The ethanologen is supplied to the fermentation system in a
concentration of less than 150 grams of ethanologen on a dry basis
per liter of first component. The biomass comprises lignocellulosic
material; the lignocellulosic material comprises at least one of
corn cobs, corn plant husks, corn plant leaves and corn plant
stalks. The first component comprises pentose; the pentose
comprises xylose. The ethanologen is capable of fermenting xylose
into ethanol.
[0011] The present invention also relates to a fermentation system
configured to produce a fermentation product from biomass that has
been pre-treated and separated into a first component and a second
component. The system comprises a first vessel configured to
receive the first component and an ethanologen and a second vessel
configured to propagate the ethanologen for supply to the first
vessel. The first vessel is configured to maintain the first
component and ethanologen at a temperature of between about 31 and
about 34 degrees Celsius and at a pH of between about 5.2 and about
5.8 for a time of no less than 18 hours. The biomass comprises
lignocellulosic material; the lignocellulosic material comprises at
least one of corn cobs, corn plant husks, corn plant leaves and
corn plant stalks. The first component comprises pentose; the
pentose comprises xylose.
[0012] The present invention further relates to a biorefinery for
producing a fermentation product from biomass. The biorefinery
comprises a preparation system to prepare the biomass into prepared
biomass; a pre-treatment system to pre-treat the prepared biomass
with a dilute acid for separation into a first component from which
pentose can accessed for fermentation and a second component from
which hexose can be made available for fermentation; a first
treatment system to treat the first component into a treated first
component by removing removed components from the first component;
a first fermentation system to produce a first fermentation product
from the pentose by supplying an ethanologen and maintaining the
first component and ethanologen at a temperature of between about
26 and about 37 degrees Celsius and at a pH of between about 4.5
and about 6.0 for a time of no less than 18 hours; a distillation
system to recover ethanol from the first fermentation product; and
a treatment system to process removed components. The biomass
comprises lignocellulosic material; the lignocellulosic material
comprises at least one of corn cobs, corn plant husks, corn plant
leaves and corn plant stalks.
BRIEF DESCRIPTION OF THE FIGURES AND TABLES
[0013] FIG. 1A is a perspective view of a biorefinery comprising a
cellulosic ethanol production facility.
[0014] FIG. 1B is a perspective view of a biorefinery comprising a
cellulosic ethanol production facility and a corn-based ethanol
production facility.
[0015] FIG. 2 is a schematic diagram of a system for receipt and
preparation of biomass for a cellulosic ethanol production
facility.
[0016] FIG. 3 is a schematic block diagram of a system for the
production of ethanol from biomass.
[0017] FIGS. 4A, 4B and 4C are schematic block diagrams of systems
for treatment and processing of components from the production of
ethanol from biomass.
[0018] FIGS. 5A and 5B are schematic diagrams of the process flow
for systems for the production of ethanol from biomass.

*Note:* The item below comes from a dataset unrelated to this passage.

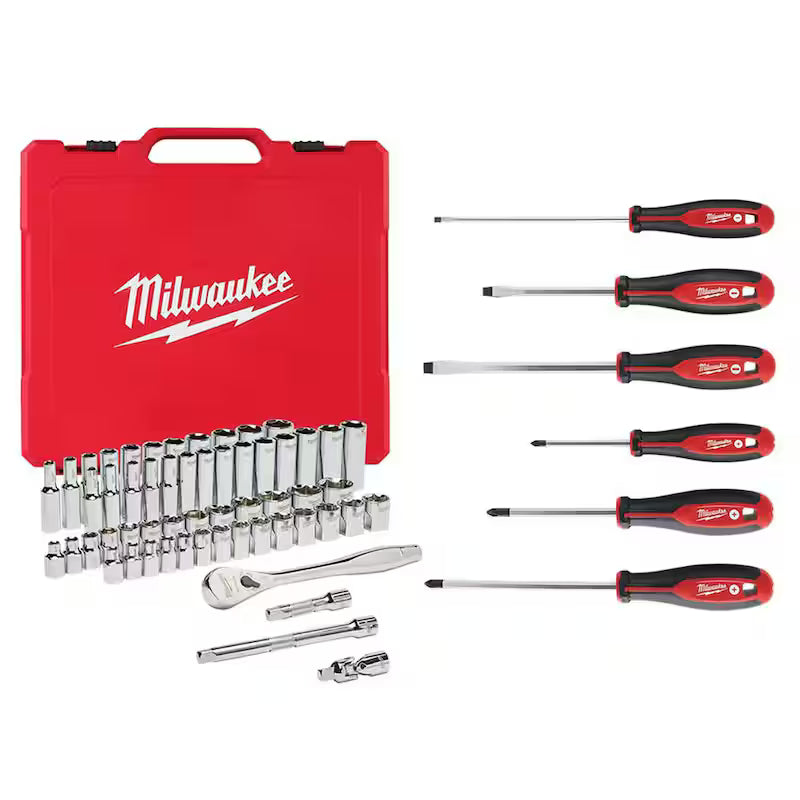 3/8 in. Drive SAE/Metric Ratchet and Socket Mechanics Tool Set (56 piece) & Screwdriver Set (6 piece) K351582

[0019] FIG. 6A is a schematic block diagram of apparatus used for
preparation, pre-treatment and separation of biomass.
[0020] FIG. 6B is a perspective view of apparatus used to pre-treat
and separate the biomass.
[0021] FIGS. 7A and 7B are schematic block diagrams of a treatment
system and fermentation system according to an exemplary
embodiment.
[0022] FIG. 8A is a schematic block diagram of a system according
to an exemplary embodiment,
[0023] FIG. 8B is a schematic block diagram of a fermentation
system and treatment system according to an exemplary
embodiment.
[0024] FIGS. 9A and 9B are perspective view of fermentation system
according to exemplary embodiments.
[0025] FIGS. 10A through 10D are diagrams of operating conditions
for the fermentation system according to an exemplary
embodiment.
[0026] FIG. 11 is a graph of results obtained through the use of
the fermentation system according to an exemplary embodiment.
[0027] FIGS. 12A and 12B are a graph of results obtained through
the use of the fermentation system according to an exemplary
embodiment.
[0028] FIGS. 13A and 13B are a graph of results obtained through
the use of the fermentation system according to an exemplary
embodiment.
[0029] FIG. 14 is a graph of results obtained through the use of
the fermentation system according to an exemplary embodiment.

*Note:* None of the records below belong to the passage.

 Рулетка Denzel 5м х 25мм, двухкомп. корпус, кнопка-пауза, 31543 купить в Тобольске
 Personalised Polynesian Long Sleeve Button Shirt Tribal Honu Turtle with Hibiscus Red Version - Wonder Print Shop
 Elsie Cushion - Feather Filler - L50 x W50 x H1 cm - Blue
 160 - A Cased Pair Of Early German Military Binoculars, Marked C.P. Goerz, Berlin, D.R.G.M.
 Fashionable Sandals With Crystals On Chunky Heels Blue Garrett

[0030] TABLES 1A and 1B list the composition of biomass comprising
lignocellulosic plant material from the corn plant according to
exemplary and representative embodiments.
[0031] TABLES 2A and 2B list the composition of the liquid
component of pre-treated biomass according to exemplary and
representative embodiments.
[0032] TABLES 3A and 3B list the composition of the solids
component of pre-treated biomass according to exemplary and
representative embodiments.
[0033] TABLES 4 through 7 provide data and results relating to the
use of the fermentation system according to an exemplary
embodiment.
DETAILED DESCRIPTION
[0034] Referring to FIG. 1A, a biorefinery configured to produce
ethanol from biomass is shown.
[0035] According to an exemplary embodiment, the biorefinery is
configured to produce ethanol from biomass in the form of a
lignocellulosic feedstock such as plant material from the corn
plant (e.g. corn cobs and corn stover). Lignocellulosic feedstock
such as lignocellulosic material from the corn plant comprises
cellulose (from which C6 sugars such as glucose can be made
available) and/or hemicellulose (from which C5 sugars such as
xylose and arabinose can be made available).
[0036] As shown in FIG. 1A, the biorefinery comprises an area where
biomass is delivered and prepared to be supplied to the cellulosic
ethanol production facility. The cellulosic ethanol production
facility comprises apparatus for preparation, pre-treatment and
treatment of the biomass into treated biomass suitable for
fermentation into fermentation product in a fermentation system.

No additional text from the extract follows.